La risposta sarebbe un grande e sentito “grazie”. Proclamare la fine dell’Islam politico equivale infatti a oscurarne l’attuale esistenza come minaccia tanto alla pace e alla sicurezza di Medio Oriente e Nord Africa, quanto ai diritti umani dei popoli della regione: un incentivo alle ambizioni dei Fratelli Musulmani, che nonostante i passi falsi della Primavera Araba non hanno mai rinunciato all’obiettivo di conquistare il potere per stabilire dittature fondamentaliste attraverso rovesciamenti di regime ed elezioni democratiche.
Proclamare la fine dell’Islam politico, inoltre, è un incentivo per i Fratelli Musulmani a proseguire con il modus operandi sin qui adottato in Europa, Italia compresa, dove è naturalmente più agevole avanzare con la propria agenda fondamentalista se le moschee, i centri culturali e gli imam finanziati dal Qatar non vengono riconosciuti come appartenenti alla Fratellanza, ma equivocati come un’espressione dell’Islam moderato. “Qatar Papers” docet.
A ringraziare i (falsi?) profeti della morte dell’Islam politico, sarebbe anche l’internazionale jihadista contemporanea, che dall’ideologia dei Fratelli Musulmani ha preso le mosse. Dovremmo smettere d’interessarci ai radicalizzati, come suggerisce Roy, perché «Al Qaeda e ISIS sono stati sconfitti sul campo e qua e là nel mondo resistono [solo] alcune fronde di combattenti, legate però a conflitti locali»? Ciò è in contrasto con i più recenti allarme-terrorismo lanciati dall’ONU e dall’Unione Europea, che gettano luce su una realtà ben diversa da quella prefigurata da Roy. Indottrinamento e reclutamento, infatti, procedono incessanti sia sul web che nelle carceri, e ciò è segno della vitalità sia dell’ideologia che delle reti jihadiste.
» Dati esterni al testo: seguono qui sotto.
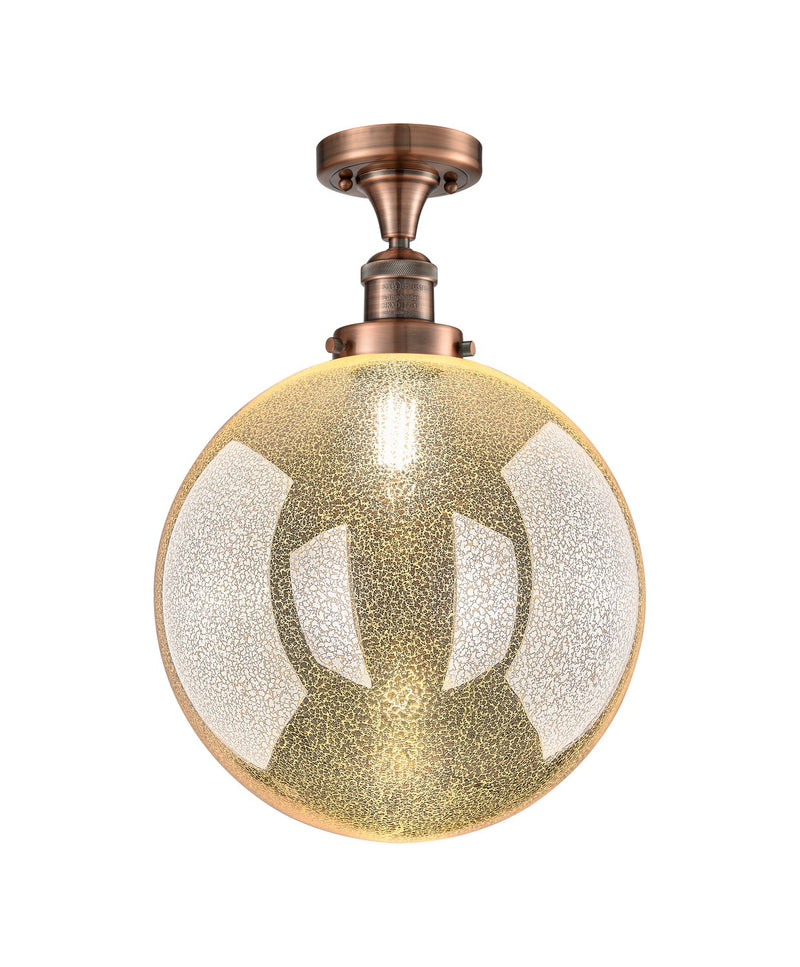 Innovations 517-1CH-AC-G208-12 One Light Semi-Flush Mount, Antique Copper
Enfatizzare poi il fatto che l’Islam politico non è riuscito finora a realizzare i propri obiettivi, non ne certifica in alcun modo il decesso. I fallimenti in cui è incorso durante e dopo la Primavera Araba – in termini di capacità di governo (Egitto) o per non essere riuscito a provocare i cambiamenti di regime auspicati (Siria), a conquistare l’esclusività del potere (Tunisia, Libia) o a mantenere i territori conquistati (ISIS in Siria e Iraq) – sono parte di quel cammino verso il Califfato che i Fratelli Musulmani e i gruppi jihadisti sanno essere lungo e irto di ostacoli, con cadute e momenti sfavorevoli, ma anche risorgimenti e occasioni propizie di cui restano pronti, pazientemente, ad approfittare.
Di ciò è ben consapevole il Segretario Generale della Lega Musulmana Mondiale Muhammad Al Issa, intervenuto al Meeting di Rimini subito dopo Olivier Roy. Già Ministro della Giustizia in Arabia Saudita, Al Issa provenie da una regione – quella del Golfo – i cui paesi hanno subito la nefasta influenza dell’Islam politico dei Fratelli Musulmani. Il conflitto che vede oggi contrapporsi il Quartetto anti-terrorismo, composto Arabia Saudita, Emirati Arabi Uniti, Bahrein ed Egitto, e il Qatar, rappresenta appunto il tentativo del mondo arabo di liberarsi una volta per tutte dell’idra della Fratellanza. Un’idra che resterà in vita e sempre in agguato finché ci saranno stati canaglia guidati da leadership islamiste a supportarla, insieme a intellettuali e accademici occidentali che, consapevolmente o meno, le danno linfa vitale nel momento in cui ne dichiarano la morte.”